**Required work**
With every picture left out, restate the listing below exactly as written.

**Recorded information**
--- START ---

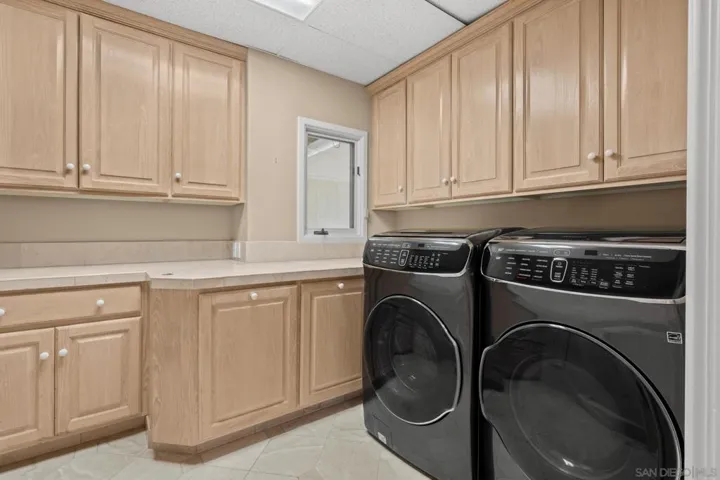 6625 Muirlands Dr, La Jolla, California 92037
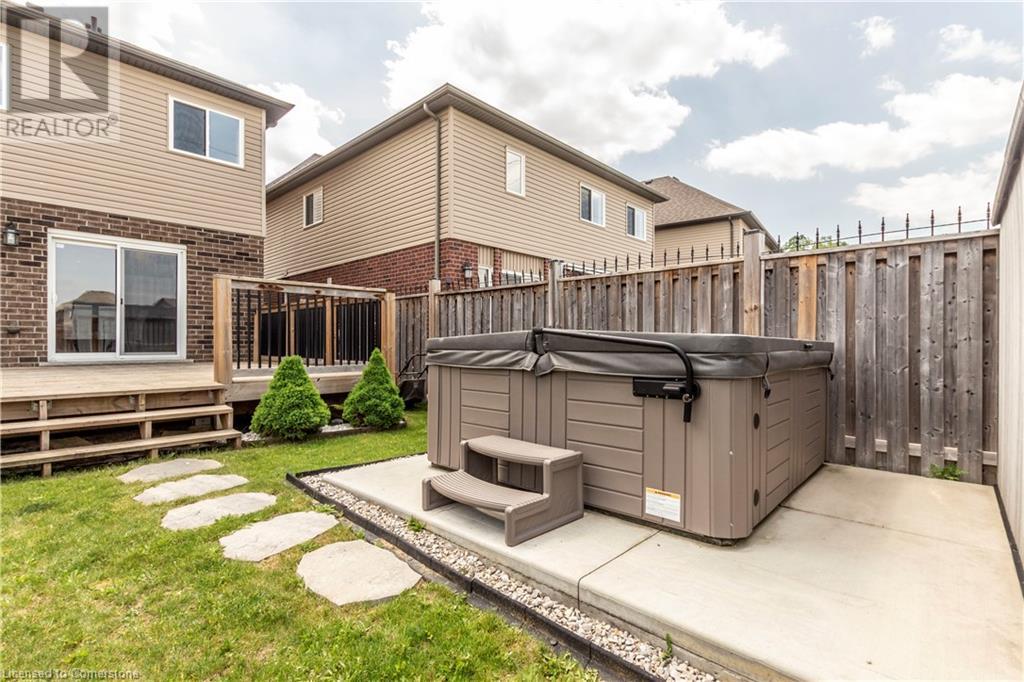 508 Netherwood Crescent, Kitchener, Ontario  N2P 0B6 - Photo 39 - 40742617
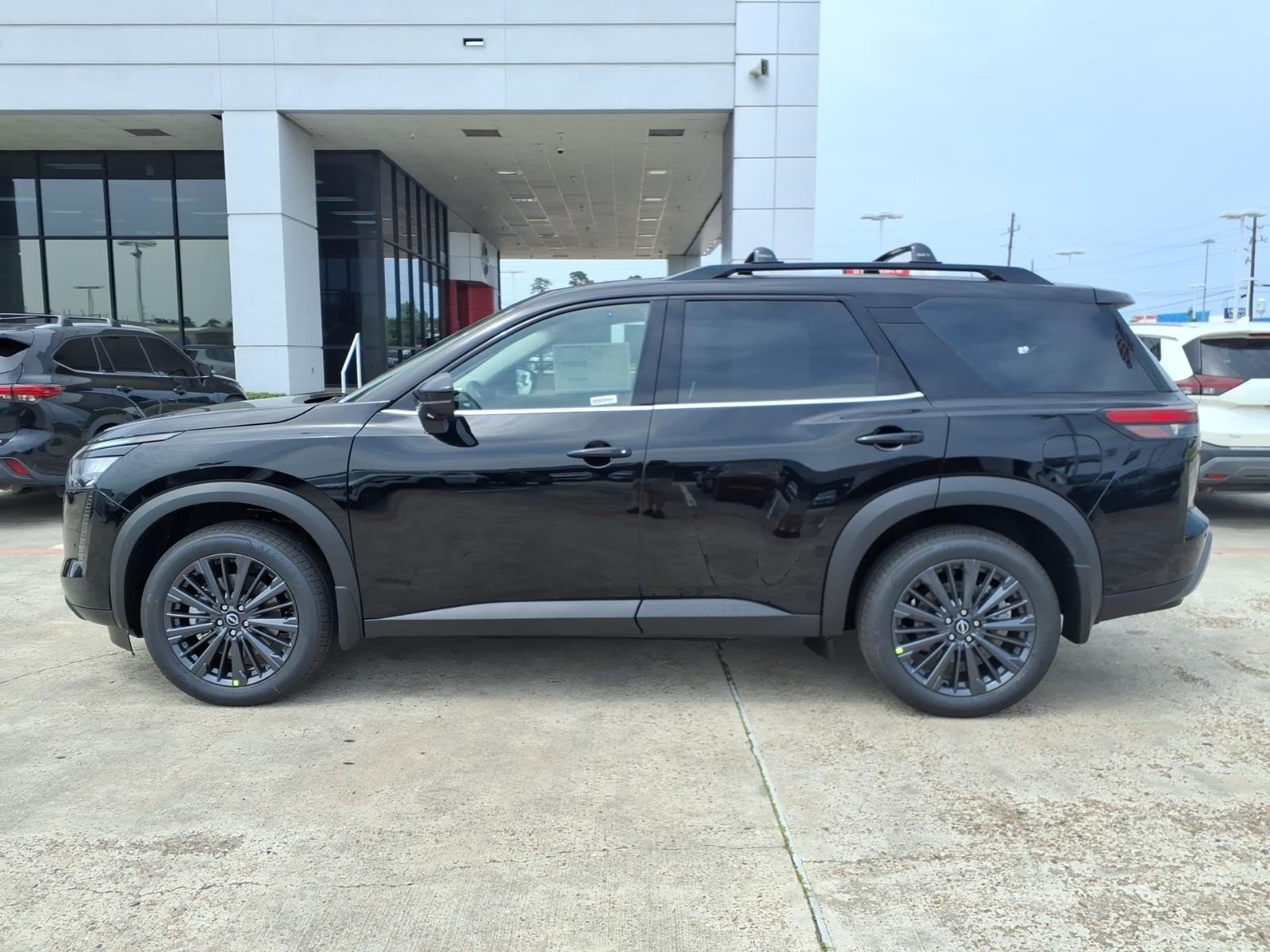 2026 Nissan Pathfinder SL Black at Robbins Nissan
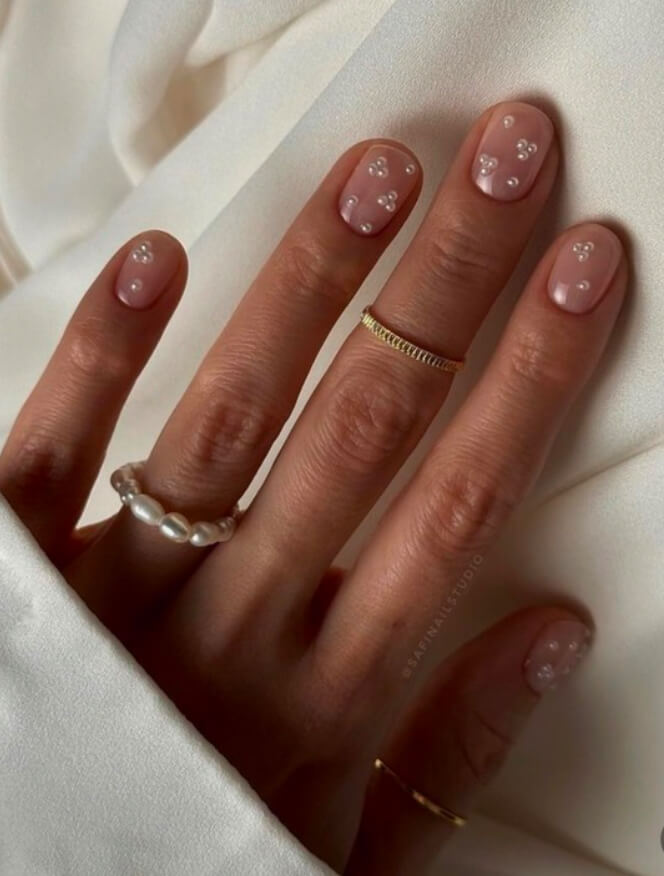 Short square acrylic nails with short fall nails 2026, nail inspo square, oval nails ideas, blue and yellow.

--- END ---

**Result of this task**
 6625 Muirlands Dr, La Jolla, California 92037
 508 Netherwood Crescent, Kitchener, Ontario  N2P 0B6 - Photo 39 - 40742617
 2026 Nissan Pathfinder SL Black at Robbins Nissan
 Short square acrylic nails with short fall nails 2026, nail inspo square, oval nails ideas, blue and yellow.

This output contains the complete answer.